- Record excerpts:
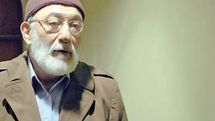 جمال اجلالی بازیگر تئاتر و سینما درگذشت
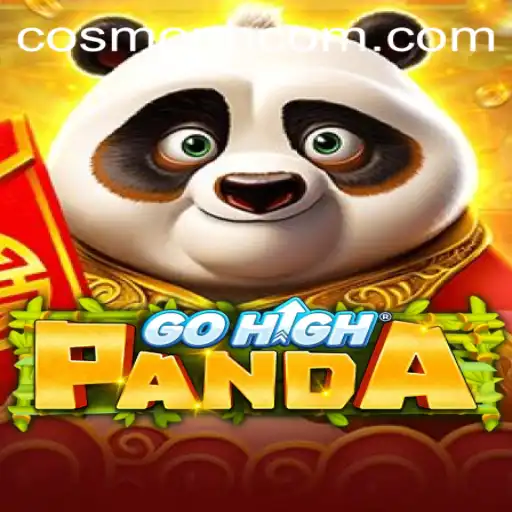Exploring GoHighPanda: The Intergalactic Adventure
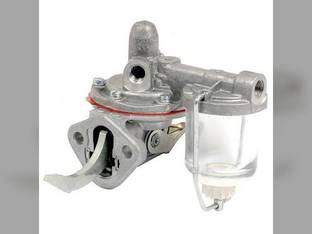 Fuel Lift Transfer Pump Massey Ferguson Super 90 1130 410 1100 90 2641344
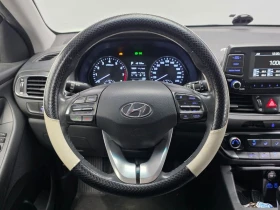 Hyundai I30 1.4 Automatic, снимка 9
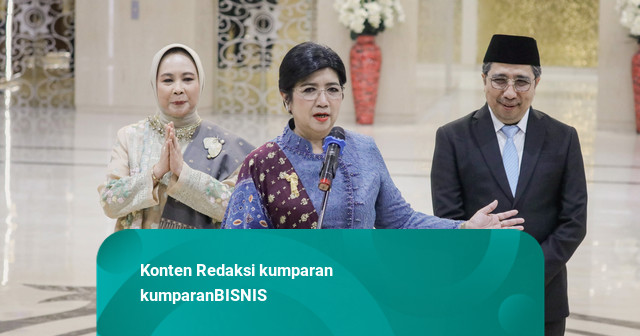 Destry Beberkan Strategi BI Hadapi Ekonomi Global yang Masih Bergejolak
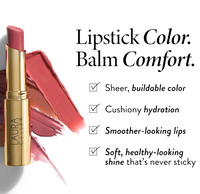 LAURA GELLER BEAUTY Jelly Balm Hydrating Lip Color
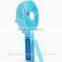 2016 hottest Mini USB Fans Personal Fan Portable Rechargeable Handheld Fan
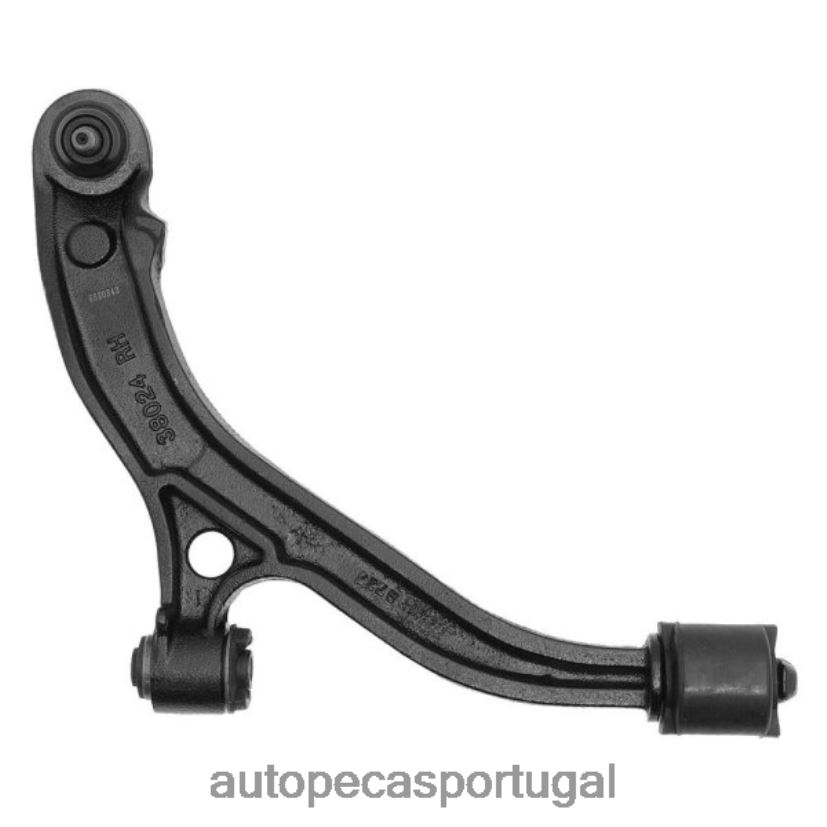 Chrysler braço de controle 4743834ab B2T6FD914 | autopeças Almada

- Problem statement:
Beginning at the first line of the listing, print each line exactly until and including the one that has "Hyundai I30 1.4 Automatic, снимка 9"; skip pictures.

- Answer to the problem:
 جمال اجلالی بازیگر تئاتر و سینما درگذشت
Exploring GoHighPanda: The Intergalactic Adventure
 Fuel Lift Transfer Pump Massey Ferguson Super 90 1130 410 1100 90 2641344
 Hyundai I30 1.4 Automatic, снимка 9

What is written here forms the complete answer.